Top of SUPPLIED DATA
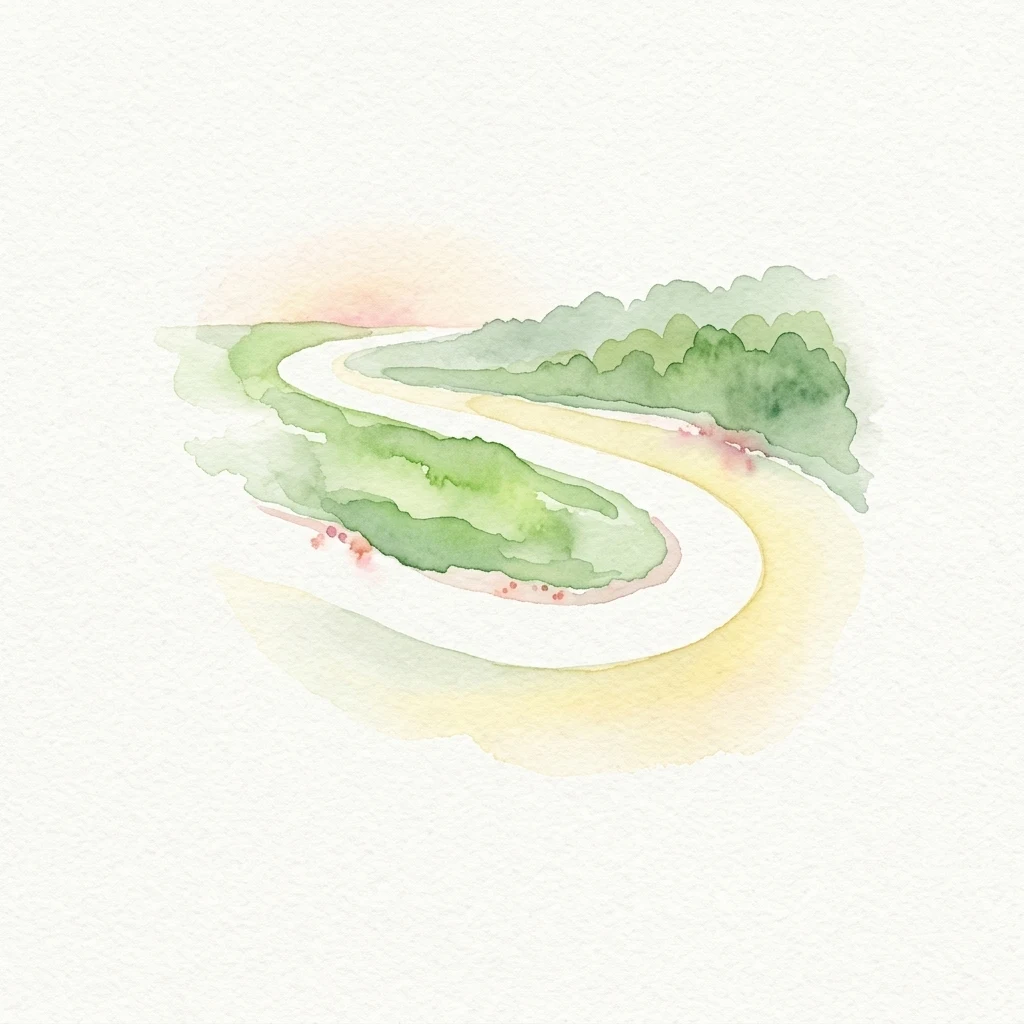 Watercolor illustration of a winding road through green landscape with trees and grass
Bottom of SUPPLIED DATA
Top of SUPPLIED DATA
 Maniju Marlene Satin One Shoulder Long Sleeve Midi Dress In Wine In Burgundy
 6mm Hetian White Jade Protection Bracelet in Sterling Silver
Bottom of SUPPLIED DATA
Top of SUPPLIED DATA
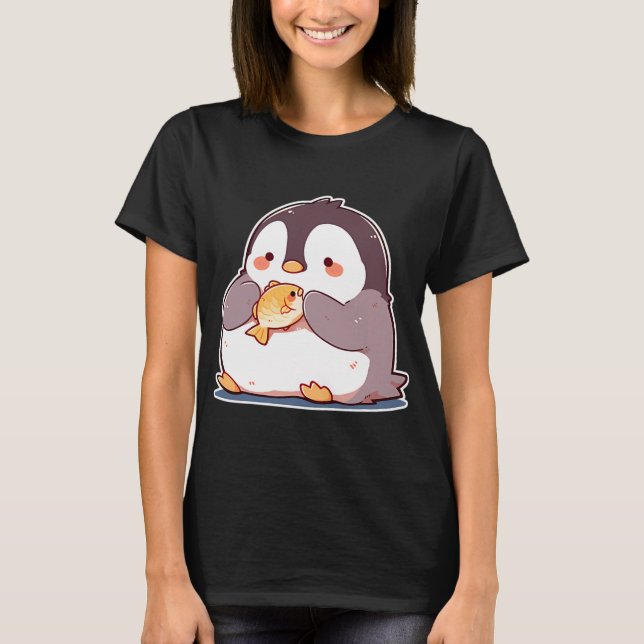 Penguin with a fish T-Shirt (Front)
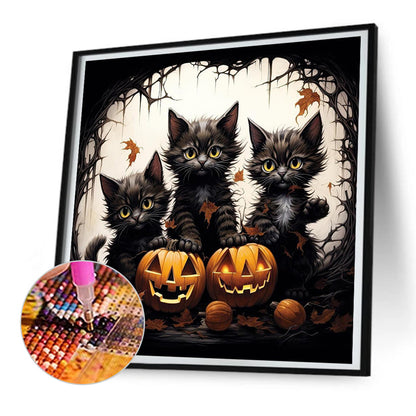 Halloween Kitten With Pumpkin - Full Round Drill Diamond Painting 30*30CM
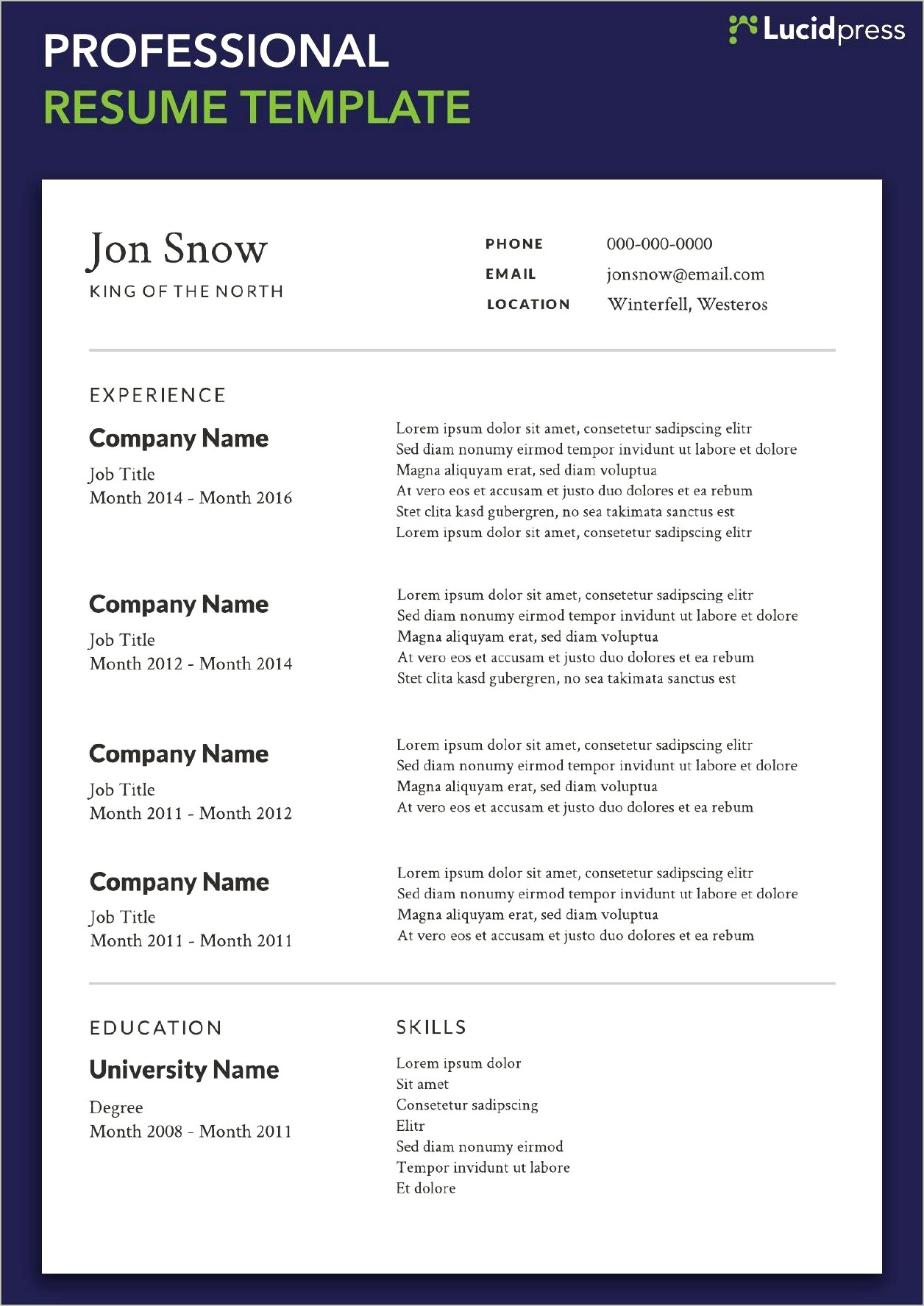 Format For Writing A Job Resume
Bottom of SUPPLIED DATA
WHAT TO PRODUCE.
From the records above, copy exactly the lines starting at the one with "Halloween Kitten With" and ending at the one with "Format For Writing A Job Resume", and no others. Pictures stay out.

YOUR SOLUTION.
 Halloween Kitten With Pumpkin - Full Round Drill Diamond Painting 30*30CM
 Format For Writing A Job Resume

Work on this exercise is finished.